But the Bible uses "generation" for those alive at the same time, sharing a common experience, even if it covers the entire length of a person's life. For example, in the Wilderness experience Israel does not require a common school age. People over 20 died in the wilderness, but those under 20 shared with them a common experience in the wilderness. This was how the Bible defined "generation"--it didn't use *your definition.*

No I am not. I said a generation is every time a firstborn happens, on average every 20 years.

The Bible doesn't say that. Please provide a quote?

You don't think any one over the age of 40 left Egypt? Moses and Aaron were around 80 years old. 3 generations if not more left Egypt as one group. 2 generations had to die, before those 20 and under could enter. In those 40 years, two more generations were born. Those 20 year olds had children and grandchildren. That is just common sense.

The Apostle John.

I doubt John ever physically died. He was an eyewitness to the future and is not a third witness. He is one of the two witnesses killed by the beast. How many times does he have to die? Time travel is hard to unravel. Technically John already died in the future at some point returning to Patmos. Like Elijah we are never told when Elijah literally died on earth if ever. Unless he is the other witness besides John.

Based on the Wilderness model, all those alive when Jesus said this were part of the same generation and part of the same experience of societal sin at the time. They all had that common experience, and children born in Jesus' time would certainly carry on the sins of their parents at that time. They would not be protected as the children in the Wilderness were.

The disciples were likely in the early 20s. So they would be in their 50s in 70 AD if they hadn't died.

Yes, dying does not stop one from being part of a generation!

I doubt all of the disciples were 10 years younger than Jesus. Still they all would be dead, Peter was. Peter was said to live between 1 and 68AD. About 5 years younger than Jesus.

"Generation" has flexible usage, and today it is most often applied to those roughly the same age. But biblically, it was applied as a group of contemporaneous people sharing a common experience, such as going through the Wilderness or engaging in sin presently taking place in the society. It does involve a period of years, since the people have to be alive at the same time in order to be a single generation. It at the most would cover the years from a birth to the death of the longest living person in any age.
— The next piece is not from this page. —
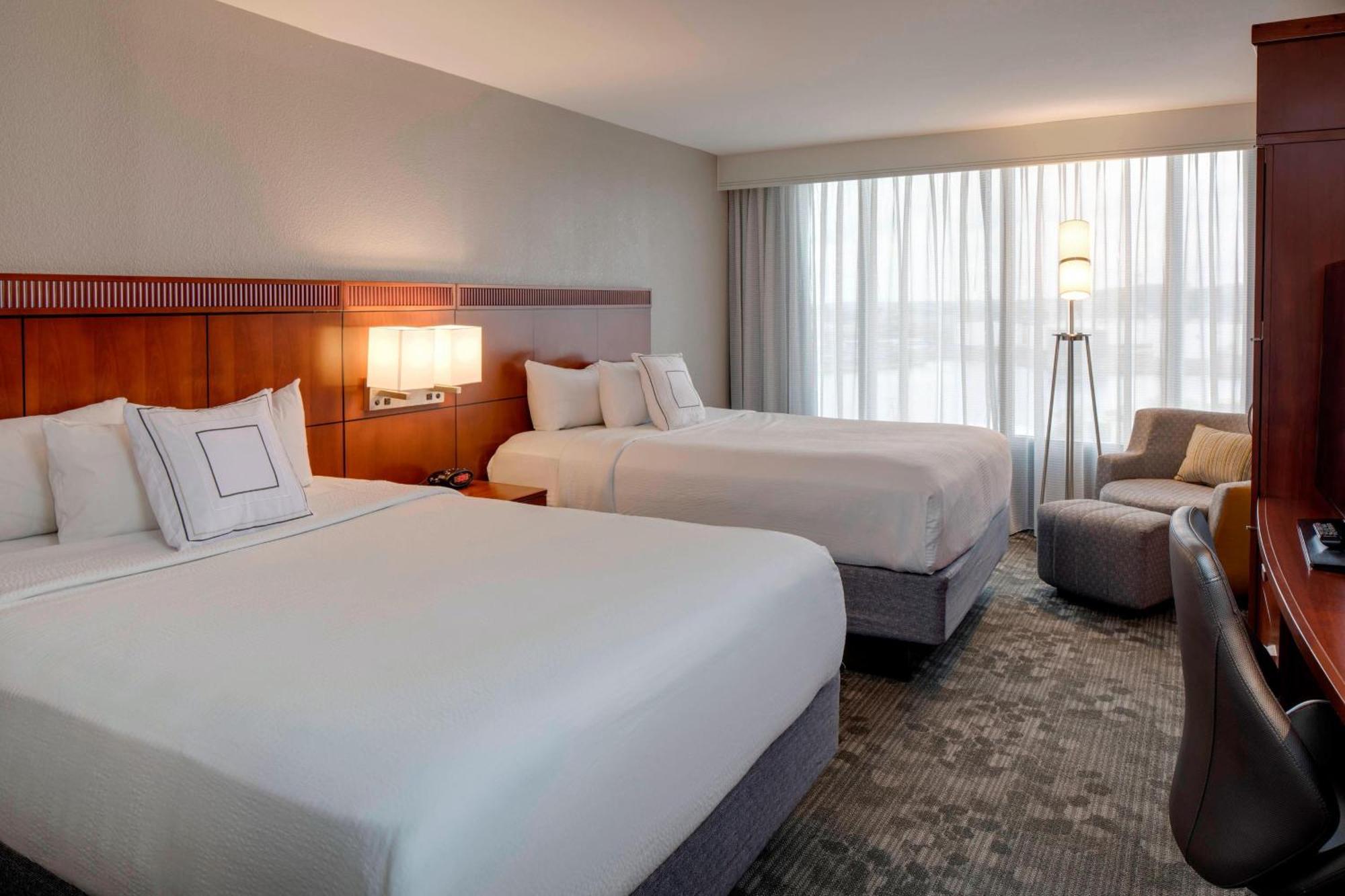 Courtyard By Marriott Logan Airport 3* Boston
I don't expect you to acknowledge anything I say or believe. That is your mode of operation, to completely deny anything that challenges your own beliefs.

I have no beliefs to challenge. I challenge theology that is in addition to the Word of God.

I understand you want a generation to be a common experience. I was not alive in 1948. I cannot experience that generation. I was born on June 10th 1967. I guess that week was important to Israel and Jerusalem. Yet my generation would be the 80's or 90's according to you. That is the experience I have in common with people.